**ASSIGNED TASK:** A complete answer retypes each of the records below precisely and includes none of the pictures.

#### MATERIAL FOR THIS EXERCISE ####

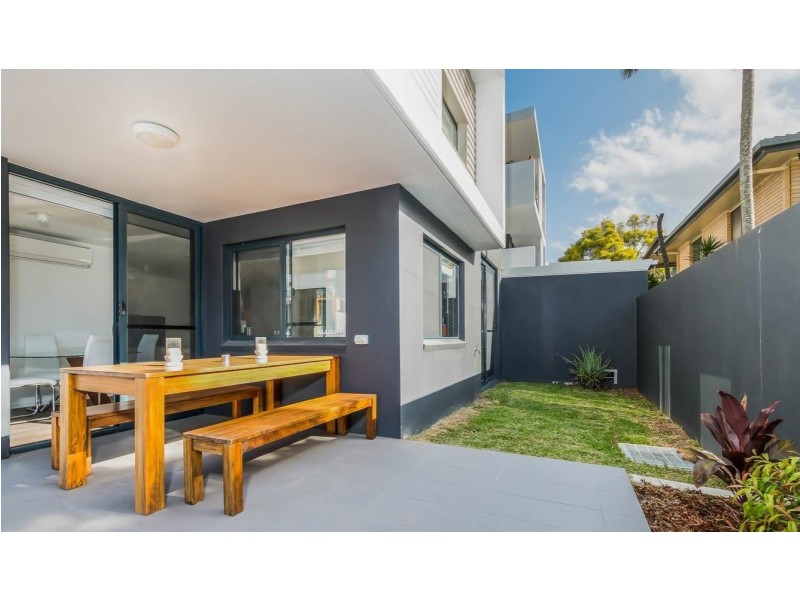 4/58 Ludwick Street, Cannon Hill QLD 4170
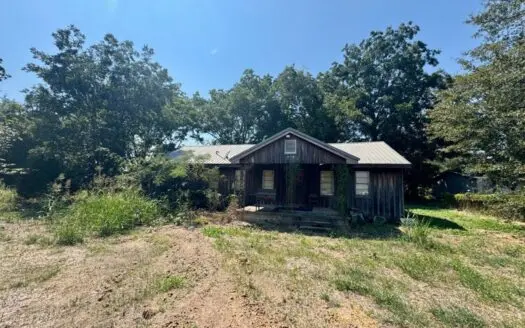 Affordable Hunting Camp/Home Near O’Keefe WMA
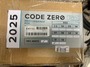 North  CODE ZERO PRO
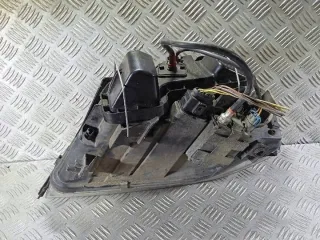 4B0941471 Фара левая Audi A6 C5 (S6,RS6) Арт e11697149, вид 3
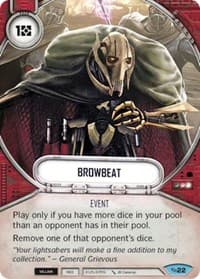 Browbeat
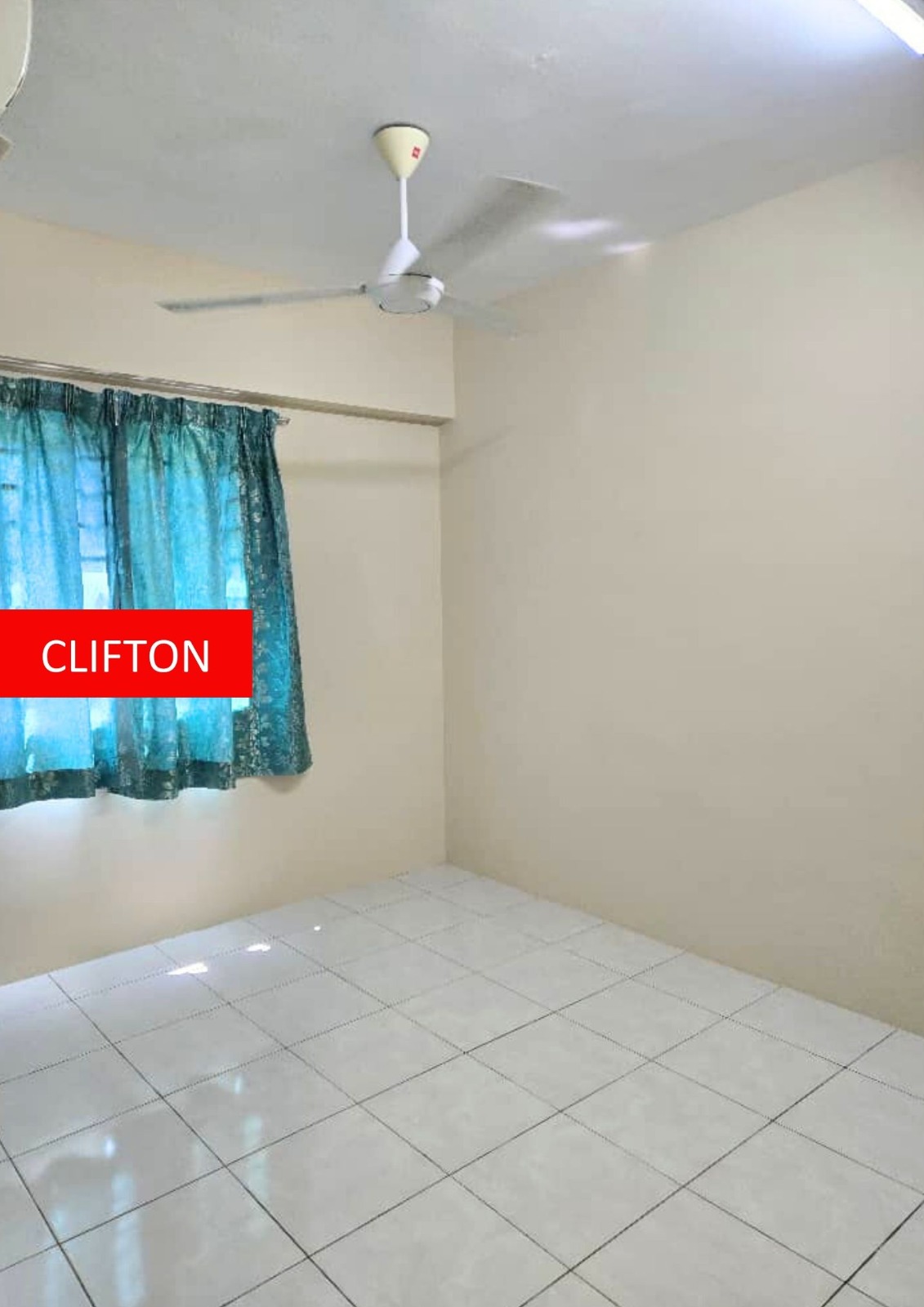 Taman Bukit Erskine 650sqft Ori Unit - photo 5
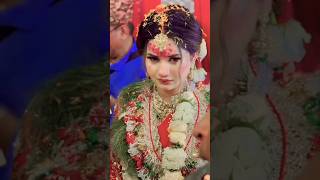 happymarriedlife eleenachauhan marriagevideo nepalimarriage [upl. by Amaryl107]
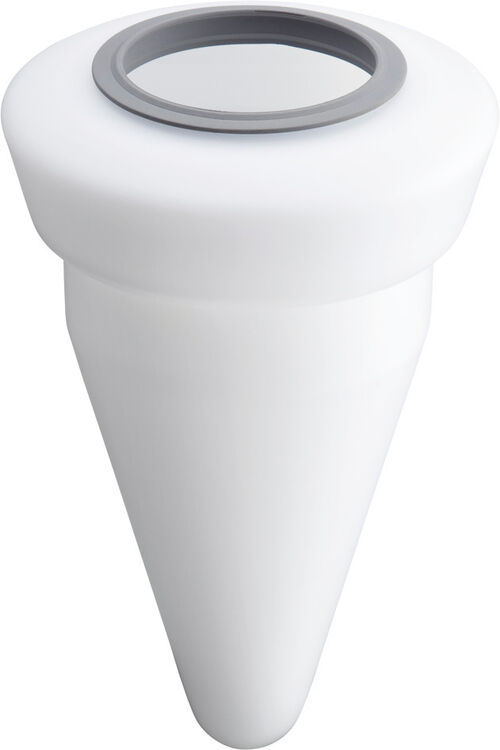 Seifenspenderbehälter Hansgrohe Axor Arco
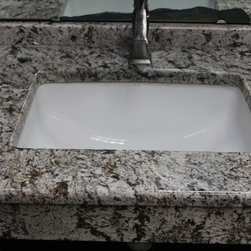 Commercial Projects - Products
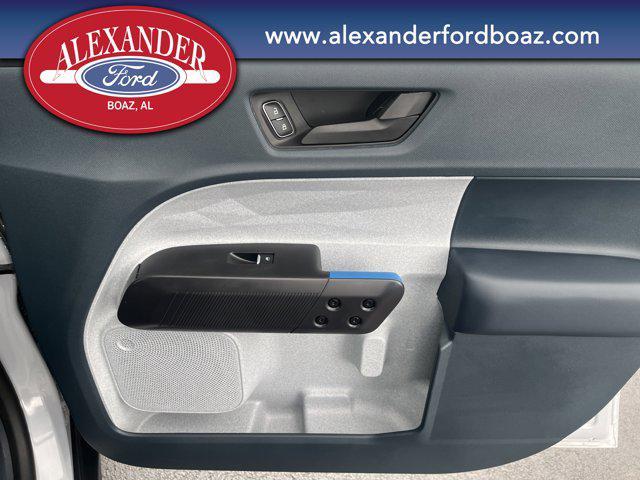 used 2025 Ford Maverick car, priced at $31,482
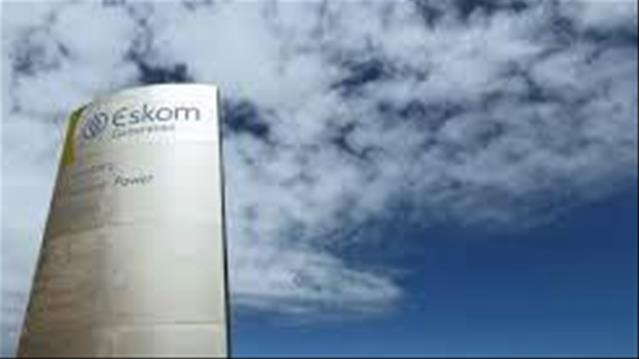 Eskom in contractual dispute | News Article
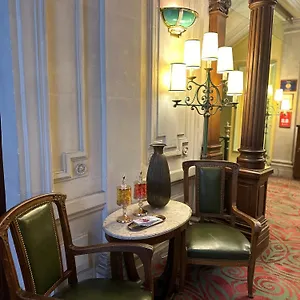 *** Hotel Langlois France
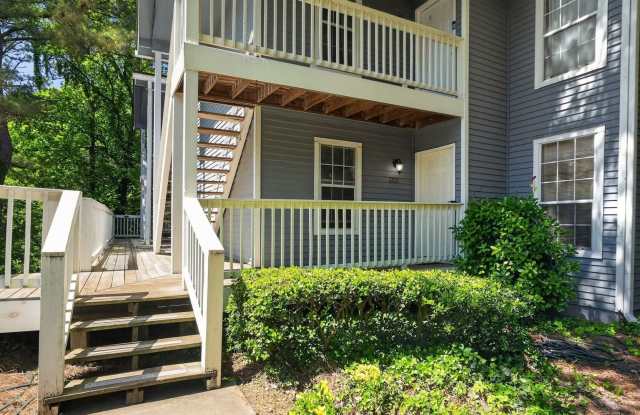 Room in 2 Bedroom Condo in Sandy Springs photos photos Room in 2 Bedroom Condo in Sandy Springs photos photos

####

**OUTPUT FOR THIS EXERCISE:**
 4/58 Ludwick Street, Cannon Hill QLD 4170
 Affordable Hunting Camp/Home Near O’Keefe WMA
 North  CODE ZERO PRO
 4B0941471 Фара левая Audi A6 C5 (S6,RS6) Арт e11697149, вид 3
 Browbeat
 Taman Bukit Erskine 650sqft Ori Unit - photo 5
 happymarriedlife eleenachauhan marriagevideo nepalimarriage [upl. by Amaryl107]
 Seifenspenderbehälter Hansgrohe Axor Arco
 Commercial Projects - Products
 used 2025 Ford Maverick car, priced at $31,482
 Eskom in contractual dispute | News Article
 *** Hotel Langlois France
 Room in 2 Bedroom Condo in Sandy Springs photos photos Room in 2 Bedroom Condo in Sandy Springs photos photos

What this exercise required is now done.